A faithful, word-for-word copy of the records is required, and it must contain no pictures.

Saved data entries
=-=-=-=-=

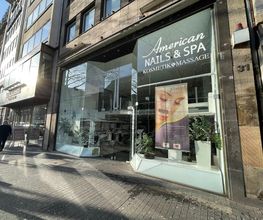American Nails & Spa Bild 6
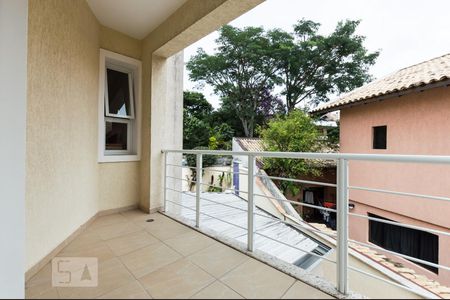 Casa de condomínio para alugar com 495m², 4 quartos e 4 vagasVaranda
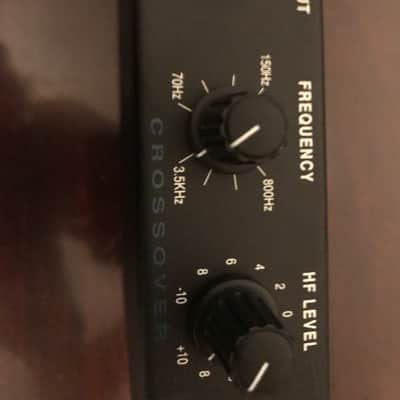 Alembic F-1X Tube Preamp image 6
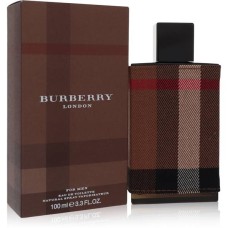 Burberry London (100 ml - Eau De Toilette Spray)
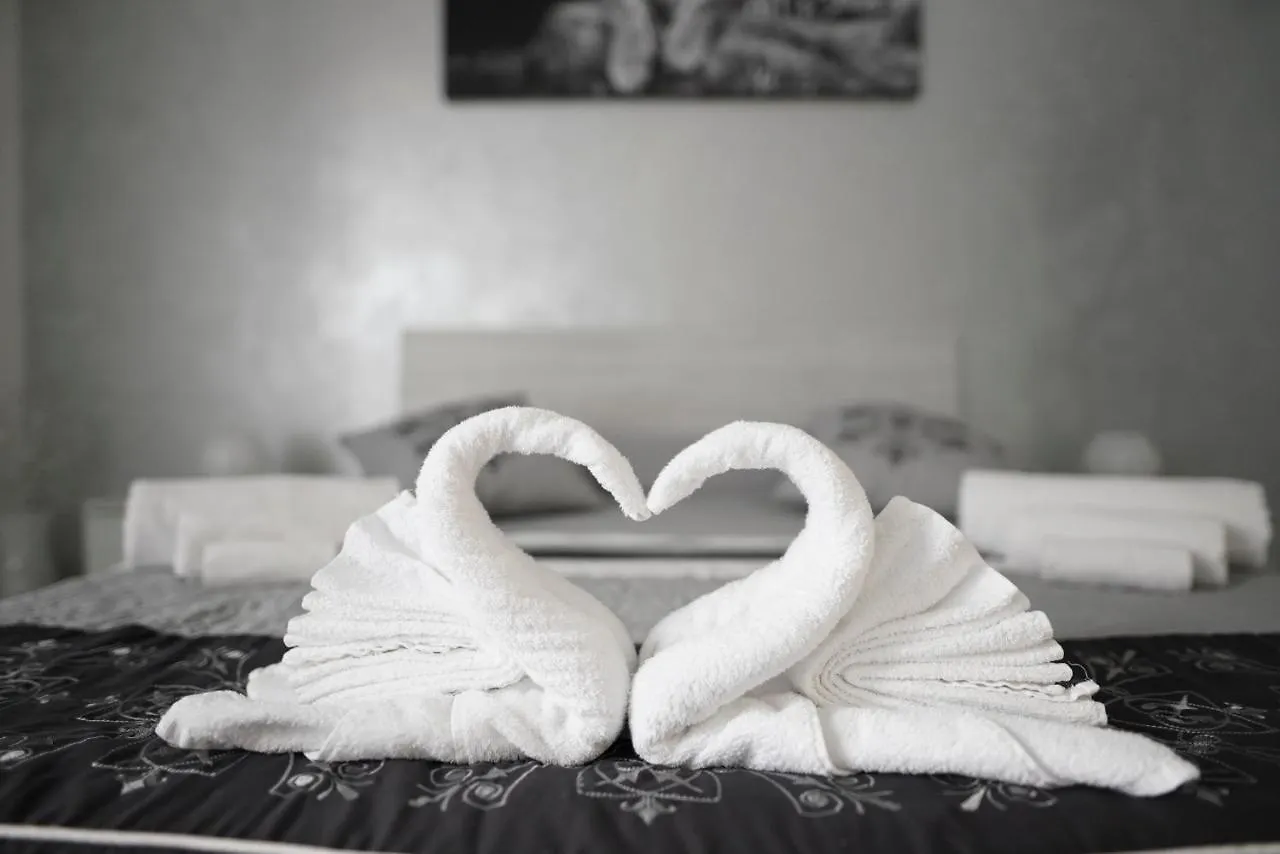 Central Luxury Apartment Catania Italy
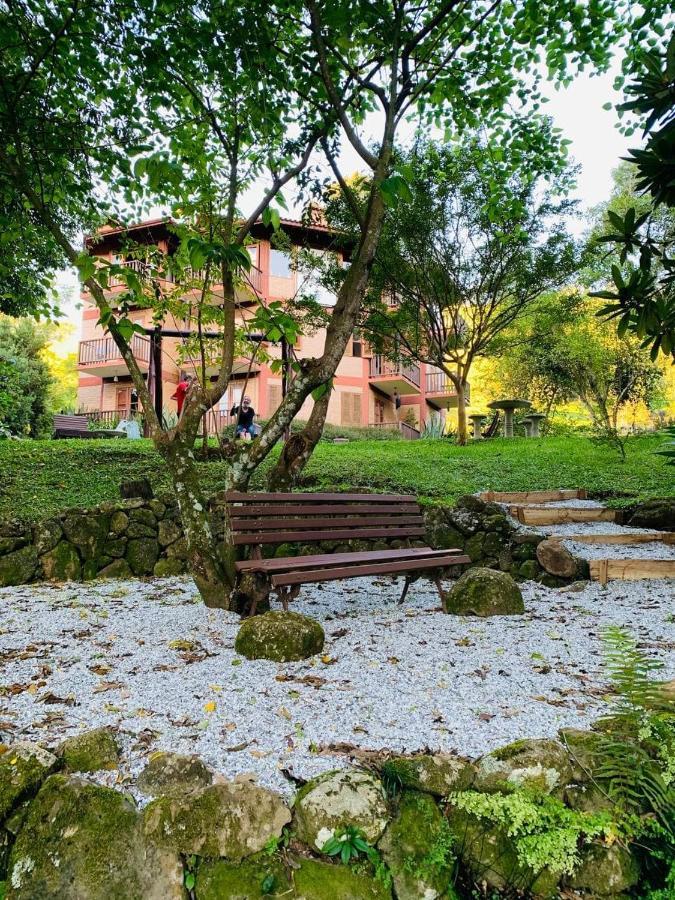 Inn Riacho Pedras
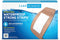 Care Science Waterproof Strong Strips Adhesive Bandages, Extra Large, 32 CT | 100% Waterproof, Heavy-Duty Protection, Helps Prevent Infection for ...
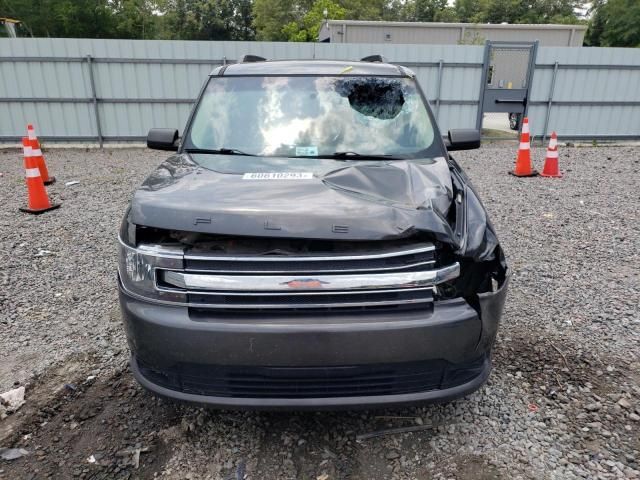 2019 Ford Flex SE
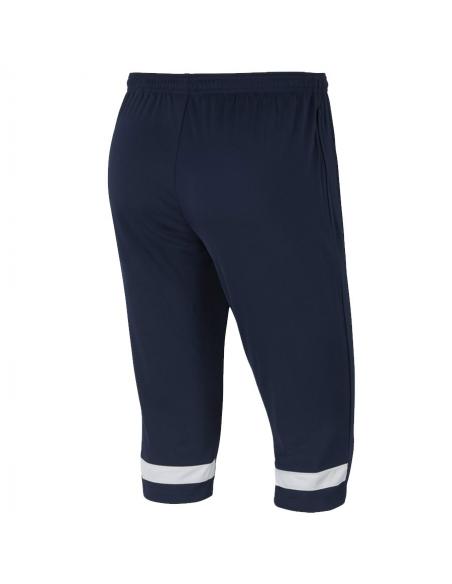 Spodnie Nike Dry Academy 21 3/4 Pant Junior CW6127 451
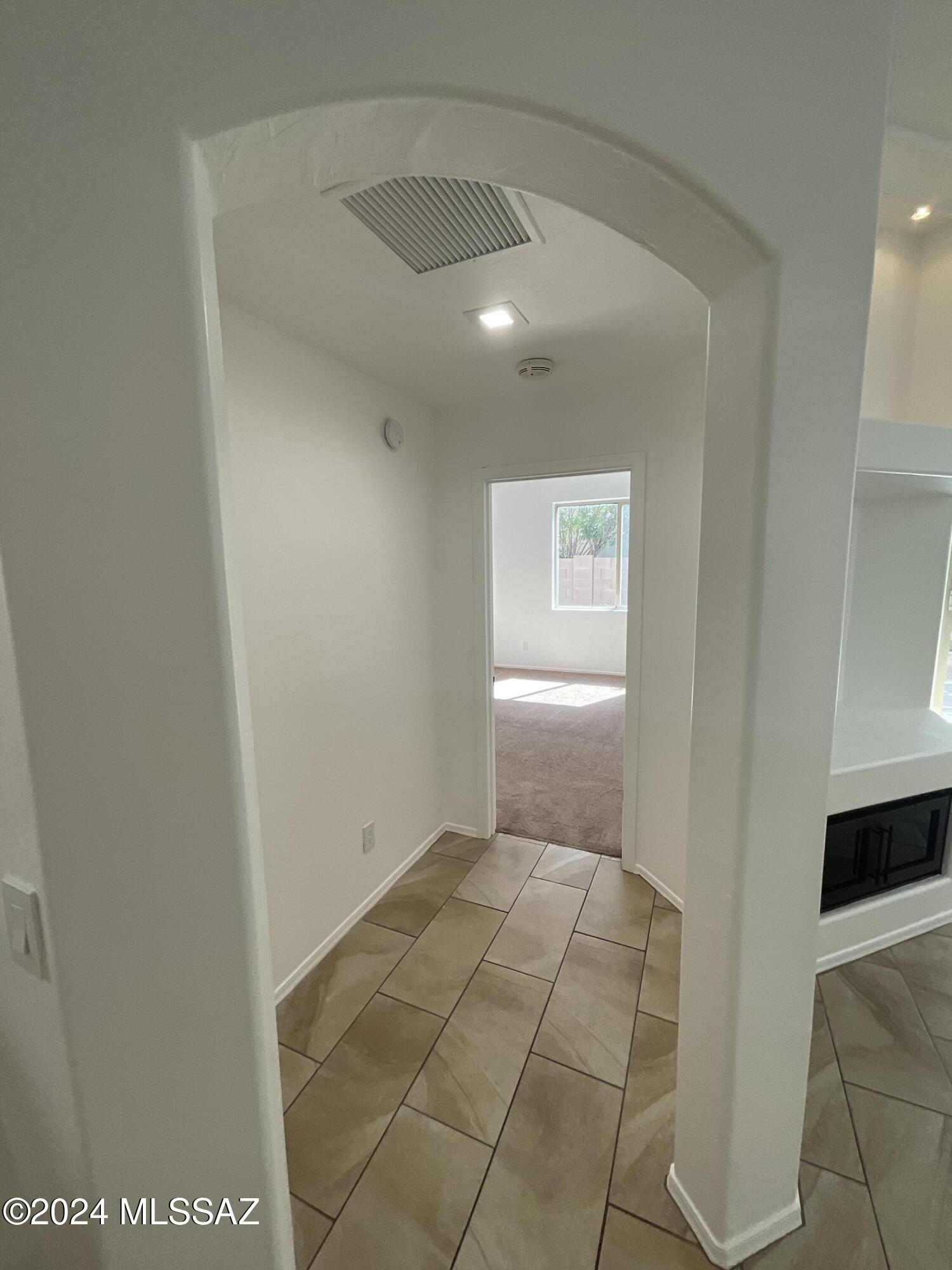 Rancho Esperero (1-343) - Residential Lease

=-=-=-=-=

*RESULT OF THE EXERCISE*:
American Nails & Spa Bild 6
 Casa de condomínio para alugar com 495m², 4 quartos e 4 vagasVaranda
 Alembic F-1X Tube Preamp image 6
 Burberry London (100 ml - Eau De Toilette Spray)
 Central Luxury Apartment Catania Italy
 Inn Riacho Pedras
 Care Science Waterproof Strong Strips Adhesive Bandages, Extra Large, 32 CT | 100% Waterproof, Heavy-Duty Protection, Helps Prevent Infection for ...
 2019 Ford Flex SE
 Spodnie Nike Dry Academy 21 3/4 Pant Junior CW6127 451
 Rancho Esperero (1-343) - Residential Lease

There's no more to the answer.